[LLVMdev] Two new 'llvmnotes'
Christopher Lamb
christopher.lamb at gmail.com
Sun Apr 27 15:21:54 PDT 2008
On Apr 27, 2008, at 2:59 PM, Gordon Henriksen wrote:
> On 2008-04-27, at 15:56, Chris Lattner wrote:
>
>> On Apr 27, 2008, at 12:49 PM, Nick Lewycky wrote:
>>
>>> Chris Lattner wrote:
>>>
>>>> On Apr 27, 2008, at 10:58 AM, Talin wrote:
>>>>
>>>>> I would certainly make use of this in my frontend.
>>>>>
>>>>> I suggest the names "getfield" and "setfield" for the two
>>>>> operations,
>>>>
>>>> I agree that 'get/insertvalue' are pretty generic, and am welcome
>>>> to suggestions. Get/set *field* imply that this applies only to
>>>> structs, but it also works with arrays. I would actually prefer
>>>> get/insert *element* but insertelement is already taken.
>>>
>>> What's wrong with using insert/extractelement for arrays and
>>> structs as well as vectors? They're all sequence types.
>>
>> Vector insert/extract element take (potentially variable) Value*'s
>> for the index and only allows one index. Aggregate get/set take
>> constants and are variadic.
>
> Forbidding variable indices for arrays would seem to rather reduce
> their utility (precisely to that of a homogenous struct). Granted,
> lowering makes updating an indexed value much uglier, but it would
> seem to be an already-solved problem for vector lowering. Is it
> completely impractical to use the same rule as GEP?
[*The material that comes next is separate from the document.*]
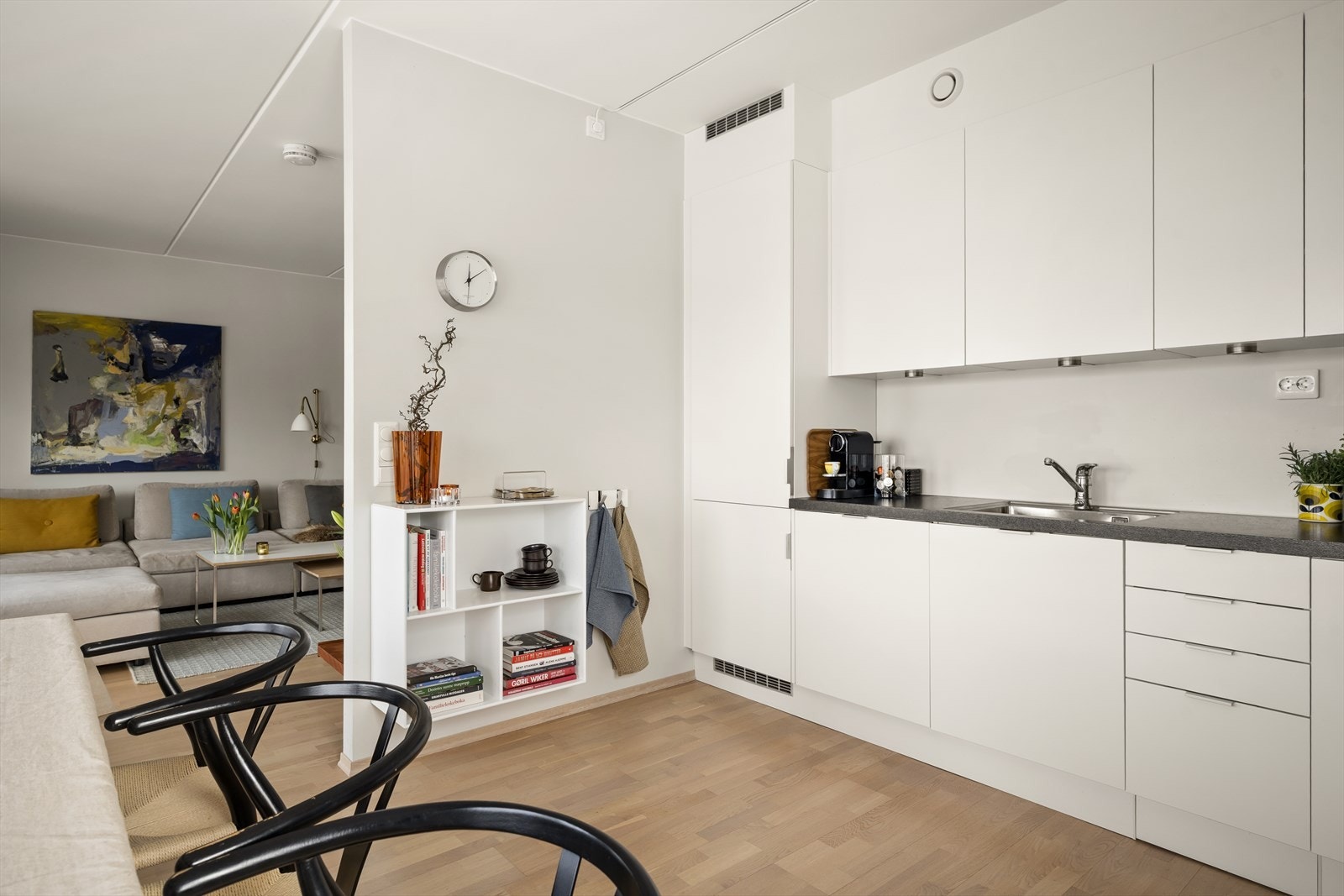 Kjøleskapet er Whirlpool, som selger fikk integrert da opprinnelig leveranse var uten kjøleskap Galleribilde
I'm not exactly sure what variable indices would mean for an array.
It's not in memory, so you can't get an address of the element (or
else you could just use GEP). Imagine a small array (say two
elements) in registers. Most ISAs don't allow dynamic register
indexing, so I don't think that there is much utility to be lost by
not supporting dynamic indices. OTOH, having the array in registers
isn't gonna fly if you need to index it in a dynamic way anyhow.